Good Faith and Fair Dealing Does Not Create Any New Responsibilities
The implied covenant of good faith and fair dealing can take a fairly straightforward contract and turn it on its head. The Eighth Circuit Court of Appeals recently reined the duty of good faith and fair dealing in a bit, however. According to the Eighth Circuit, the implied covenant will not create any new substantive obligations. Instead, it merely “prevents one party from using technical compliance with a contract as a shield from liability when that party is acting for a purpose contrary to that for which the contract was made.”
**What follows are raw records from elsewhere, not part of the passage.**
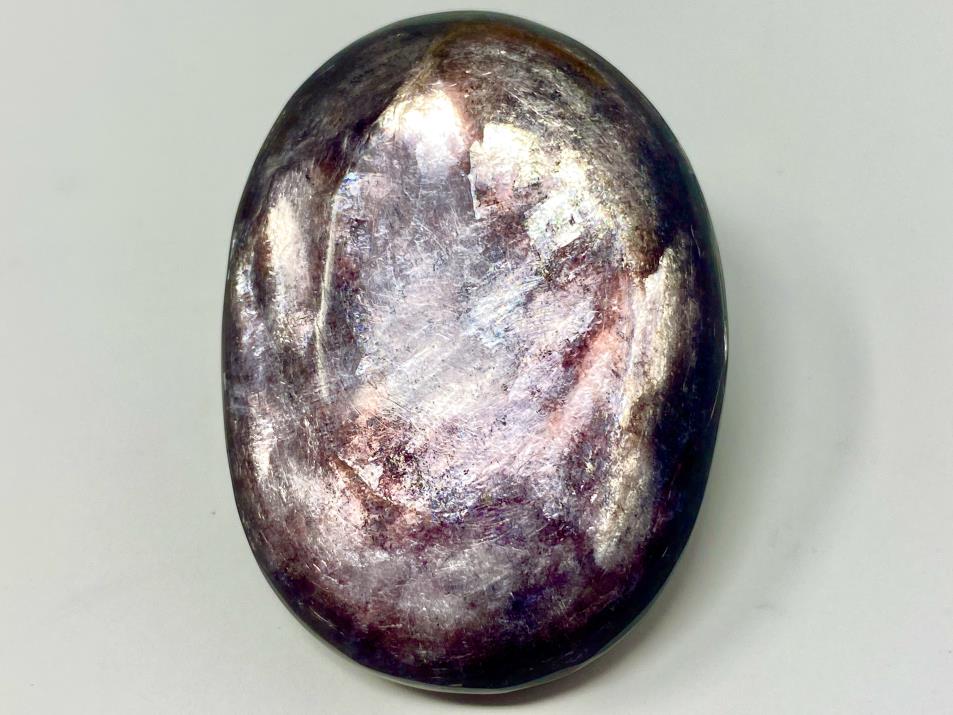 Gem Lepidolite Crystal Pebble 5.1cm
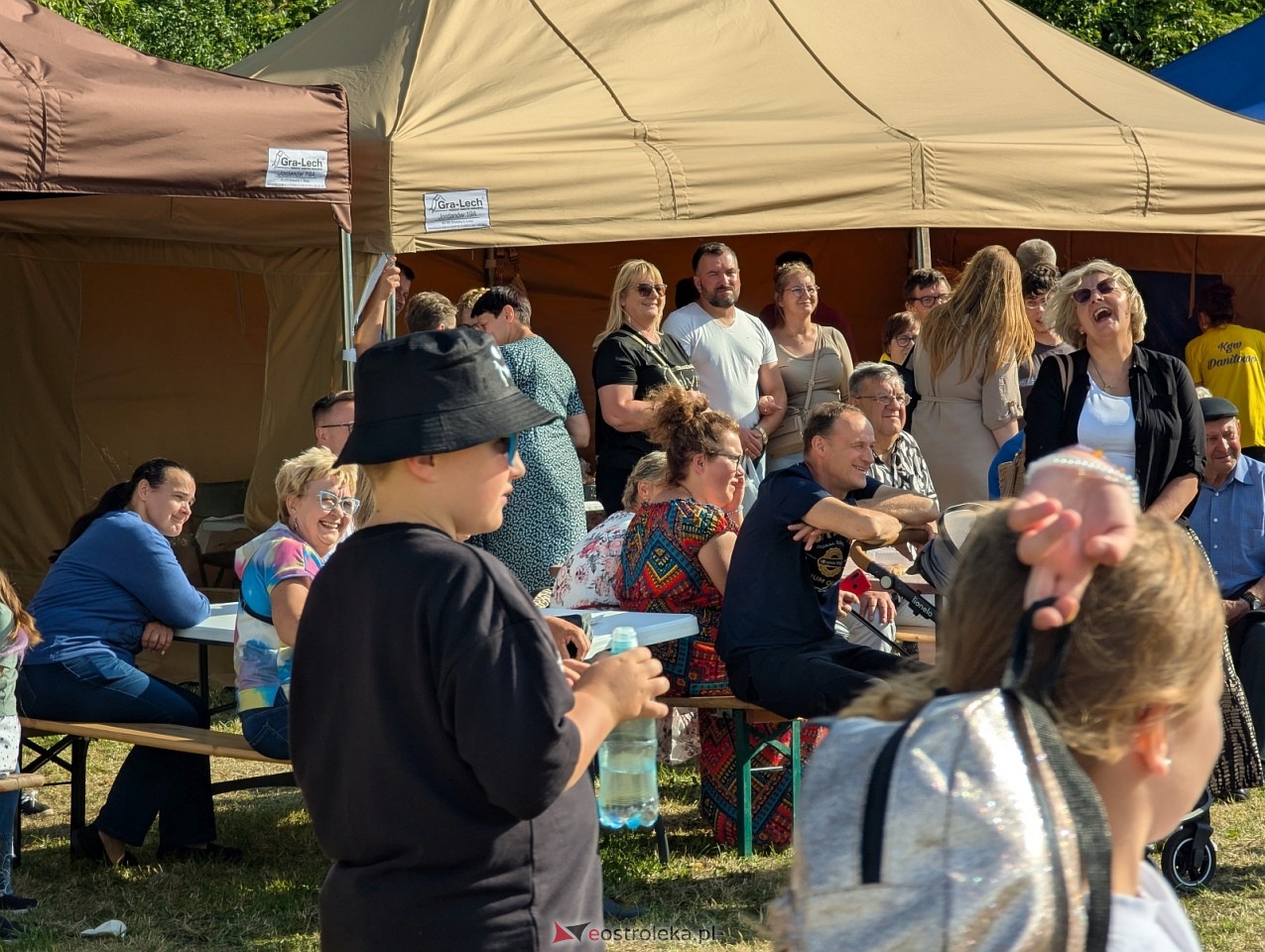 Piknik charytatywny dla Marty w Goworowie [29.06.2025] - zdjęcie #18 - eOstroleka.pl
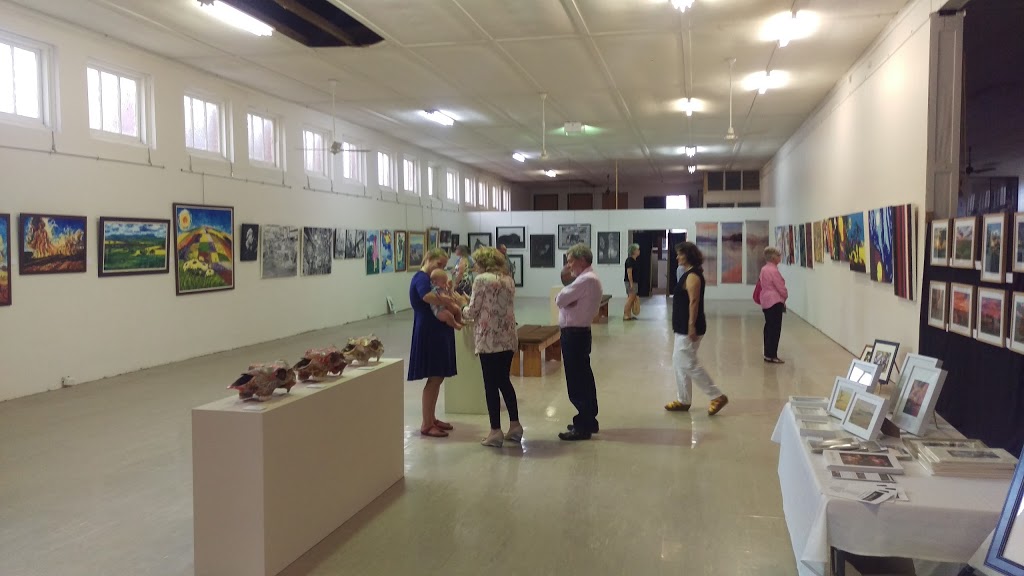 Canowindra Arts Gallery | art gallery | 70 Gaskill St, Canowindra NSW 2804, Australia | 0408416034 OR +61 408 416 034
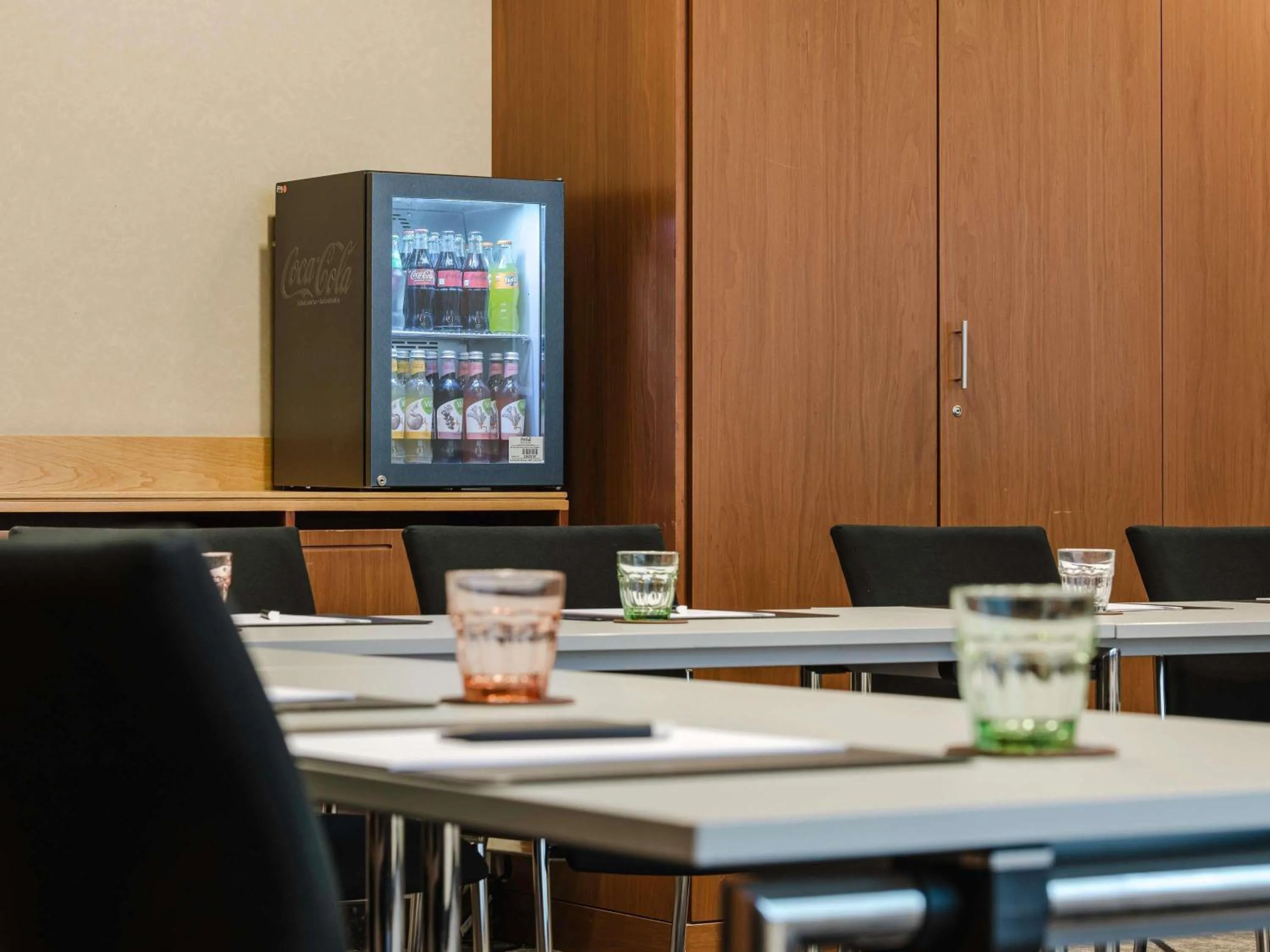 Meeting/conference room in Hotel Mondial am Dom Cologne MGallery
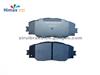 D1211-8331 Front Brake Pad For 2006 Year RAV4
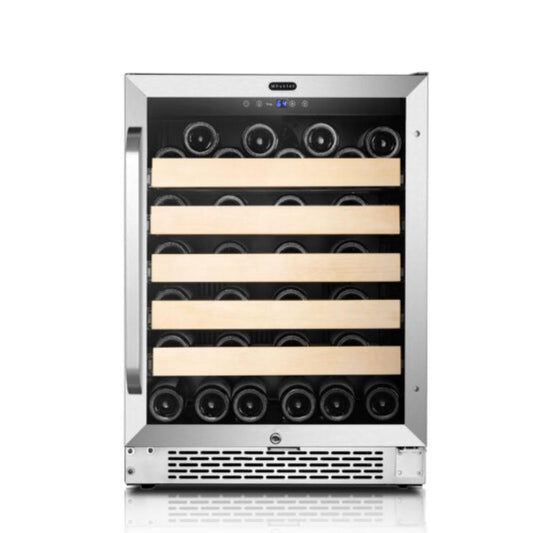Whynter BWR-541STS 54 bottle built-in wine refrigerator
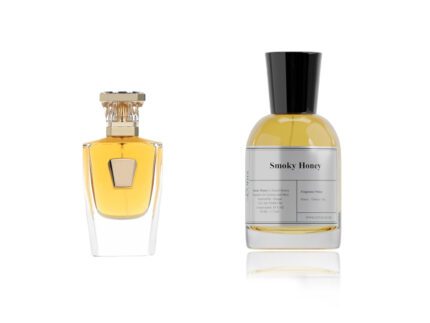 Smoky Honey Perfume - Inspired by Ahojas - Hind AlOud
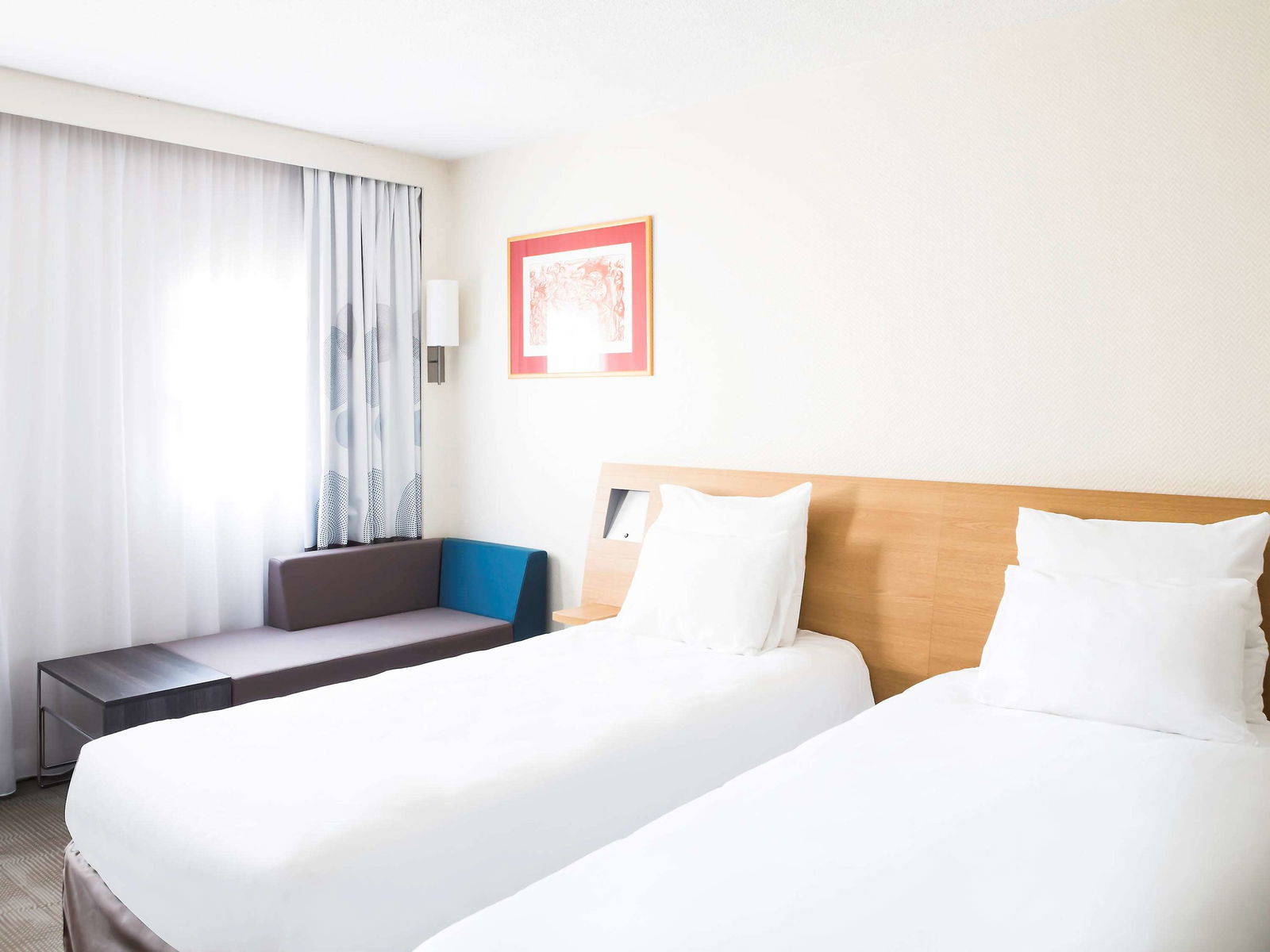 Hotel Novotel Toulouse Centre Compans Caffarelli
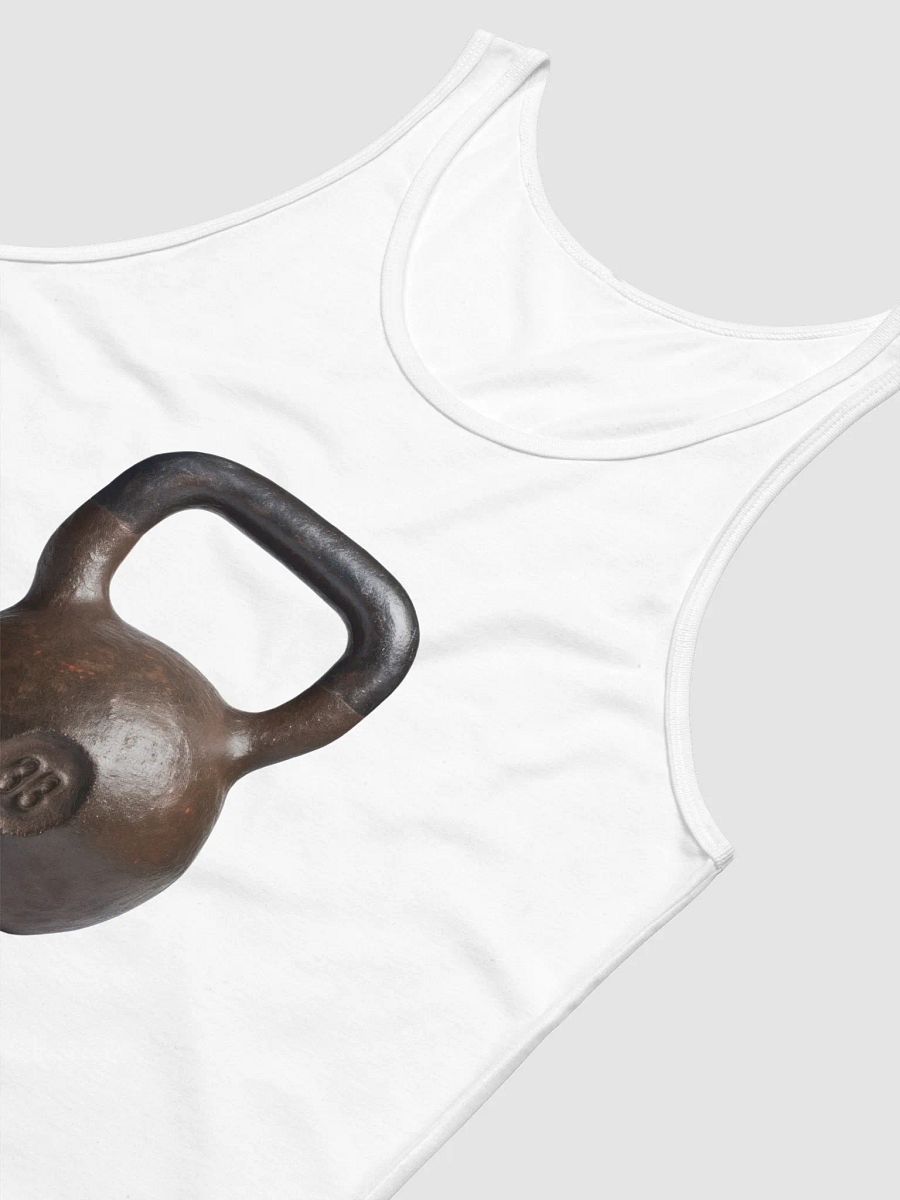 Vintage Kettlebell Comfort Tank product image (6)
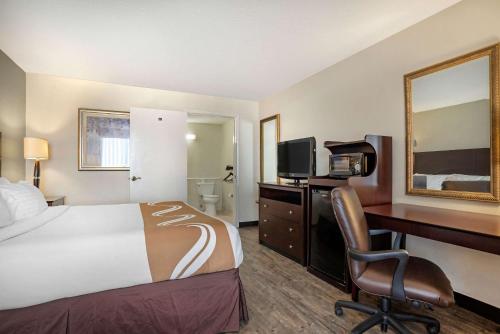 Quality Inn Baton Rouge East I-12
This is still a very subtle distinction, and leaves a lot of room for debate. The facts of the Eighth Circuit case shed a little more light on what the court meant:
The contract in Mid-America Real Estate Co. v. Iowa Realty Co., Inc. was between two real estate brokers. The plaintiff licensed the use of the defendant’s real estate listing database. Under the terms of the agreement, the plaintiff and defendant also agreed to share every listing entered by either broker into the database. The plaintiff sought an injunction to compel the defendant to enter all of the defendant’s listings in the database, rather than keep some listings for the defendant’s own private use. The Court of Appeals dissolved an injunction granted by the District Court. The contract language only required the defendant to share the listings it had actually entered. The Court of Appeals ruled that the implied covenant of good faith and fair dealing could not create the additional, substantive obligation to actually enter every listing.